A big innovation in theatre came at the end of the Noughties and continued to grow in success throughout this decade. NT Live is broadening the reach of British theatre across the world by bringing it to our cinema screens. As we say goodbye to this decade, NT Live celebrates its 10thanniversary and is now broadcasting to 2,500 venues across 65 territories, with 700 in the UK alone. Nothing can quite capture the feeling of being in the theatre itself, however NT Live’s initiative is making theatre more accessible to more people. As a medium that can sometimes seem out of reach, with most major productions being in the major cities, NT Live goes some way in democratising the medium. This is technology and theatre working hand in hand in an outstanding way.
Lin-Manuel Miranda’s Hamilton: An American Musical took the stage and then the world and then possibly the universe by storm. This 2015 sung-and-rapped musical looks at the life of American Founding Father Alexander Hamilton. I don’t think I need to say much more we know so much about Hamilton.However, what is remarkable about this musical is how it has sunk into our everyday lives. It is now being parodied at the Edinburgh Festival Fringe and also thoughtfully and hilariously picked apart for its gender politics in Katharine Ryan’s Glitter Room. This the mark of a show that has embedded itself in our culture and then started to change it.
To round up my piece, I could not help but mention Fleabag. In 2013, it started its humble beginnings at the Edinburgh Fringe where Waller-Bridge received a three-star review in the Guardian for her one-woman monologue. In the following years, it has had an Off-Broadway run, become a cultural phenomenon, and finally found itself as the star of the West End as the decade draws to a close.
Fine Art- Olivia Hendren
The art world has changed significantly in the past decade. Protest art has become more prominent in the world of fine art, and street art is finally being praised for its significance. Banksy’s recent shredding canvas surprised buyers at the anticipated Christie’s auction, raising questions about how we assign value to an artist’s work. Fine art also used to be seen as its own category and style, however in recent years, the definition of what makes a work ‘fine art’ has shifted.

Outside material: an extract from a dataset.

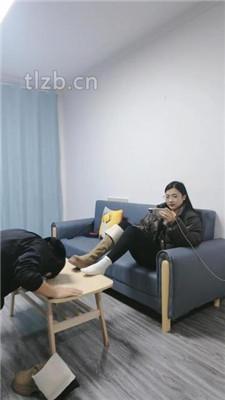 【尤尤子】跪舔超脏长靴/原味裸足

The rise of Instagram and other social media platforms has made selling art easier for individual artists, and smaller buyers. CJ Hendry, an artist with a well-known Instagram following, has built her career though the platform. CJ started her art career by selling hyper realistic pen drawings from her parents’ garage in Sydney Australia but has since moved to New York City and has sold her paintings to many celebrities and collectors including Kanye West.
This past decade has blended the arts with politics, conservationism, and activism. Challenging the norms and exclusive nature of the art world will allow artists to start conversations that might have been previously ignored. Artists now truly question the very nature of who is and is not included in the ‘art world’.